Din Polisi Kuran’ın Neresine Sığar?

İslam ülkelerinin günümüzdeki durumu malum. Sosyal, siyasi çok ciddi sorunlar yaşamaktalar. Dahası tüm dünyaya son derece yanlış, Kuran ile asla bağdaşmayacak bir İslam ve Müslüman portresi sunuyorlar. Kastım yanlış anlaşılmasın lütfen, demek istediğim aman dünyaya kötü görünüyoruz, hemen onların hoşuna gidecek hale gelmeliyiz değil tabi ki. Demek istediğim Kuran’ın dininden yani gerçek İslam’dan tüm boyutları ile kopmuş bir anlayışın bu ülkeleri bu sorunlu noktaya getirdiği ve dahası onların tüm dünyaya Allah’ın dinini tamamen yanlış aktardıkları. İslam’ın şiddet dini olarak bilinmesi, televizyonlarda, internette İslam adına öldürülen insanların gösterilmesi Allah’ın dinine yapılan büyük bir haksızlık. Ancak işin en fenası bu haksızlığı yapanların aslında kendilerini “en Müslüman” olarak adlandıranlar olması.

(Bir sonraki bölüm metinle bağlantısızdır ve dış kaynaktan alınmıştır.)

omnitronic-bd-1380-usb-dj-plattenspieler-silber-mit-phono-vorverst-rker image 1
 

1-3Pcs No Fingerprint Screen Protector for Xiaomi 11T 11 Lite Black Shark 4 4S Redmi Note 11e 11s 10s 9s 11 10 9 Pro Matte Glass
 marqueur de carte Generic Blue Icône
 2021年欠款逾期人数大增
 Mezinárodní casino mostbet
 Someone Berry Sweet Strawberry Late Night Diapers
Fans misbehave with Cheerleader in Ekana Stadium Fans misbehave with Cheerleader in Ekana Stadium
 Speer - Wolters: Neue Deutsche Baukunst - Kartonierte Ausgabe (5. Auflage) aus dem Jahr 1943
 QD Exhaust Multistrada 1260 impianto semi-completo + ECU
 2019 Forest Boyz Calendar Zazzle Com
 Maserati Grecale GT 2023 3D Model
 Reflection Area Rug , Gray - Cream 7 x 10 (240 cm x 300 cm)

Bu konunun tartışılacak öyle çok boyutu var ki. Kadınların sosyal hayattan nasıl dışlandıkları, nasıl Kuran’da asla yer almayan kapanma kuralları ile boğuldukları, daha neler neler anlatılabilir. Ancak benim bu yazıda üzerinde durmak istediğim nokta İslam ülkelerinin bir kısmında yer alan ve yer aldıkları ülkelerde tüm hayatı baştan aşağı yöneten din polisleri. Sanırım Suudi Arabistan ve İran en kolay akla gelen örnekler.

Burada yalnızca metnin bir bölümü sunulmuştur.